━━━ Data ━━━

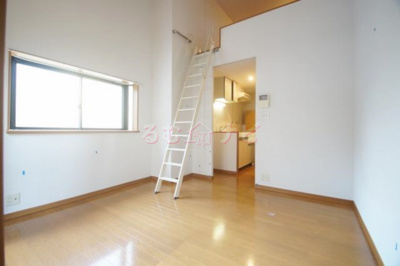 【居間・リビング】 | レガリータ高宮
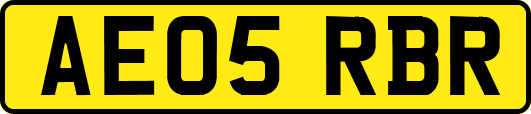 AE05RBR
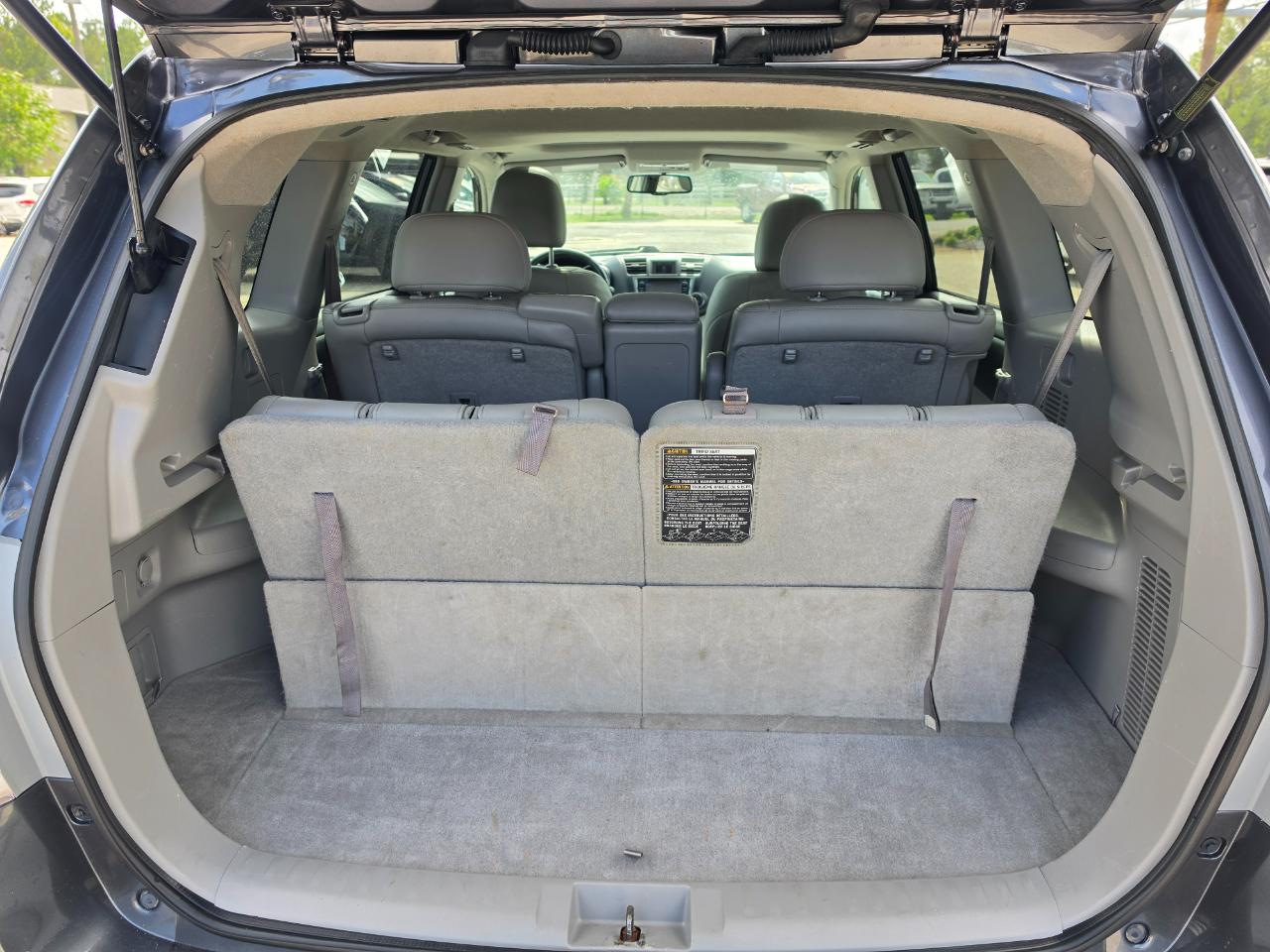 Toyota Highlander  2013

━━━

### What needs to be done
Write the lines above out again exactly, excluding every picture.

### Answer area
 【居間・リビング】 | レガリータ高宮
 AE05RBR
 Toyota Highlander  2013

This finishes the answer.